# C.S. Lewis on Christ's atonement



## cih1355 (Dec 7, 2008)

What did C.S. Lewis believe concerning how Christ's atonement saves His people? I remember reading his book, _Mere Christianity_, and he said that what matters is whether or not you believe in Christ's atonement, not how Christ's atonement works.


----------



## he beholds (Dec 7, 2008)

that does not sound right.


----------



## Hippo (Dec 7, 2008)

That seems fine to me, thank goodness that theological perfection is not the basis of salvation, the gospel (i.e. Chriss atonement) is.


----------



## Theognome (Dec 7, 2008)

When I read that book, he seemed to be appealing to mystery in that regard- something beyond our mere mortal comprehension.

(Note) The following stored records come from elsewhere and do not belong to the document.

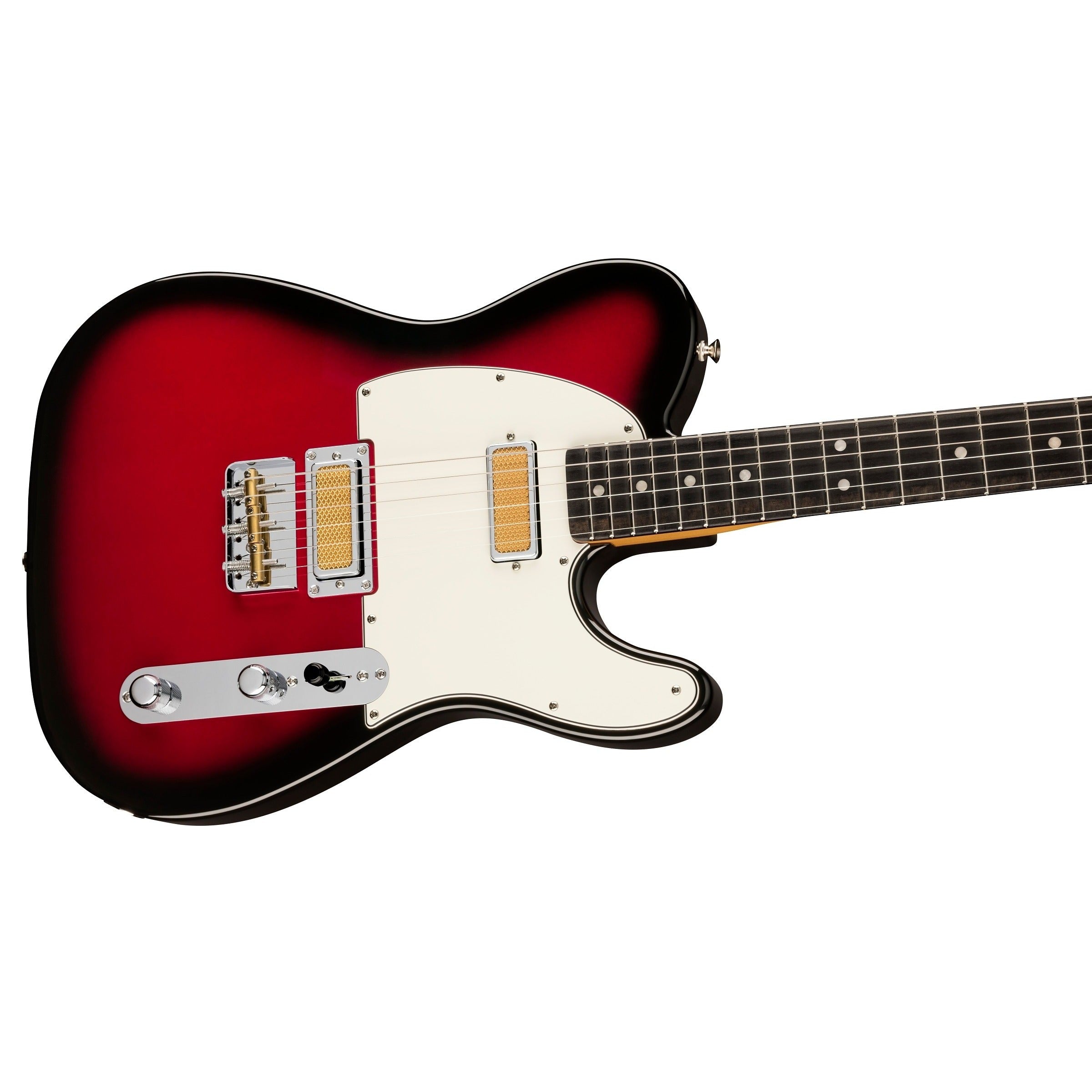 Đàn Guitar Điện Fender Gold Foil Telecaster-Mai Nguyên Music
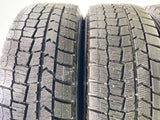 ダンロップ ウィンターマックス WM02 195/65R15  /　 AP 6.0J+ 100/114.3-5穴 4本
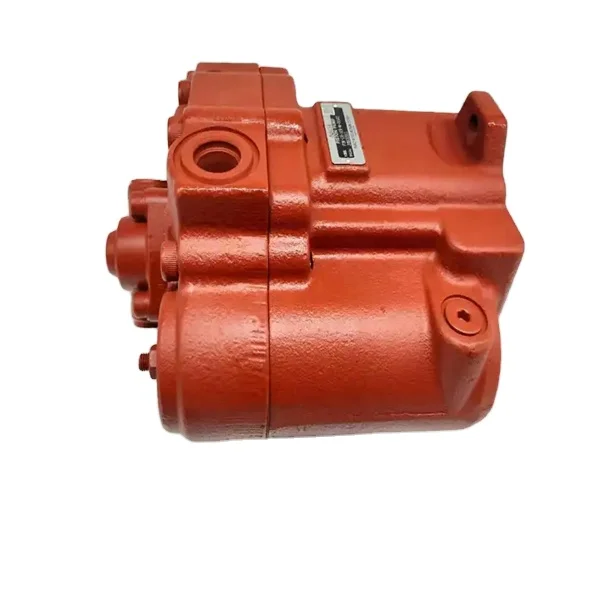 ZX40U YC55 Yuchai 55 piston pump PVK-2B-505-N-4983B PVK-2B-505 PVK-2B-505-N-4554C excavator hydraulic pump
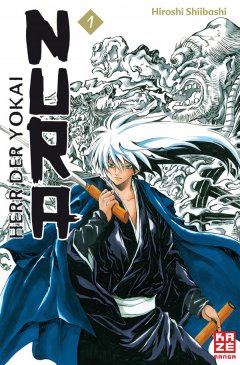 Nura - Herr der Yokai Band  01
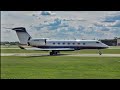 Business Jet Action at KPWK | Afternoon Plane Spotting Chicago Executive Airport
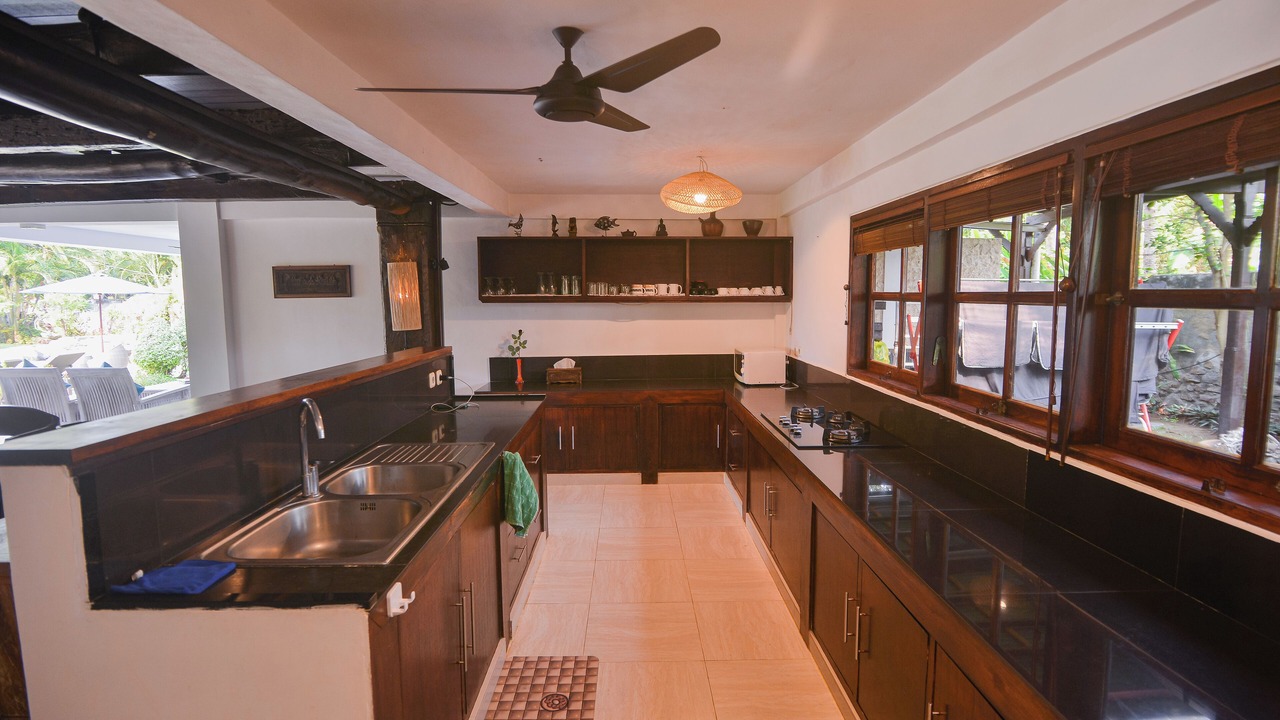 Photo of Kitchen in Dencarik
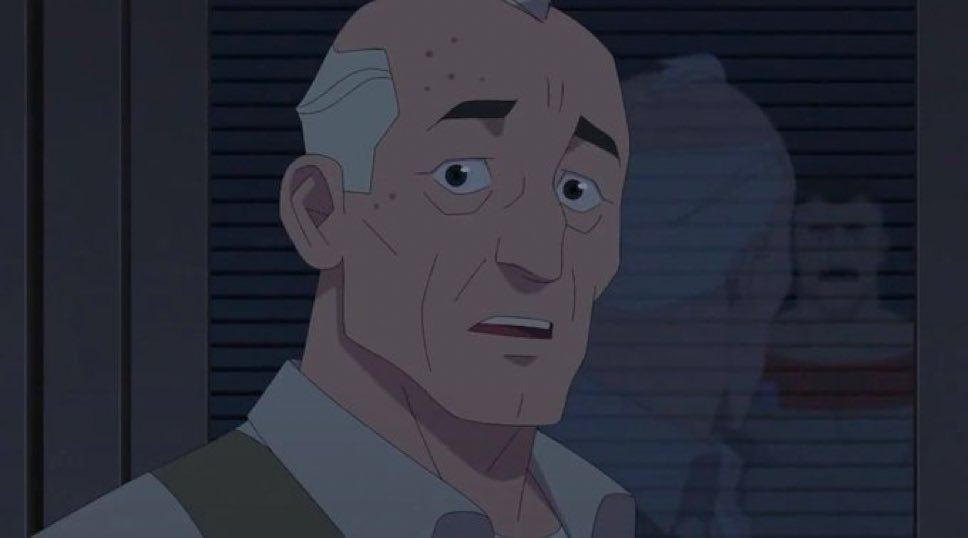 Nolan's Only Friend Blank Meme Template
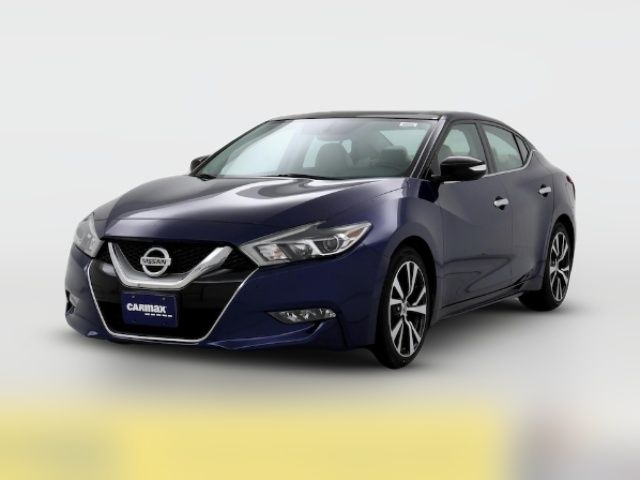 2016 Nissan Maxima 3.5 SL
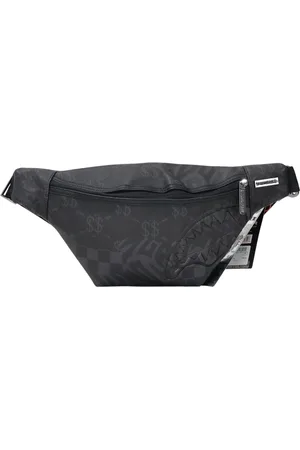 Sprayground Herren, Taschen, Schwarzk, ONE SIZEGröße:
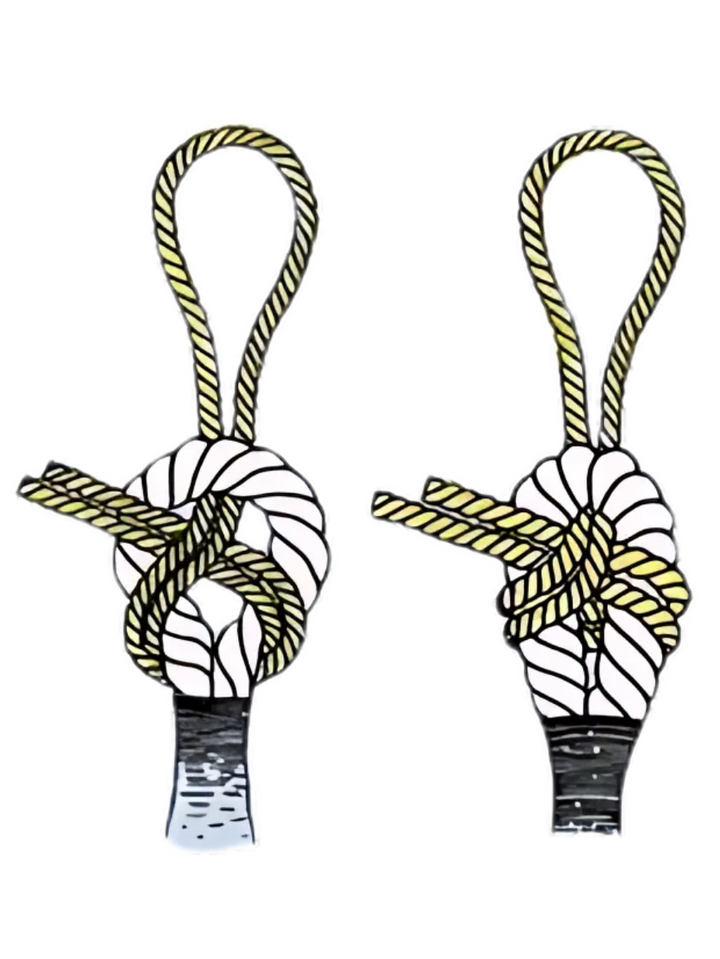 Cómo hacer el nudo de una hamaca paso a paso (guía fácil para colgarla correctamente)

Belief is itself a gift from God, so in that aspect, he would be correct.

Theognome


----------



## he beholds (Dec 8, 2008)

Hippo said:


> That seems fine to me, thank goodness that theological perfection is not the basis of salvation, the gospel (i.e. Chriss atonement) is.



I'm sorry--I agree with you. What I meant is that I don't think "what matters is whether or not you believe in Christ's atonement, not how Christ's atonement works." I meant that I think they both _matter_, but you are right, not for salvation.


----------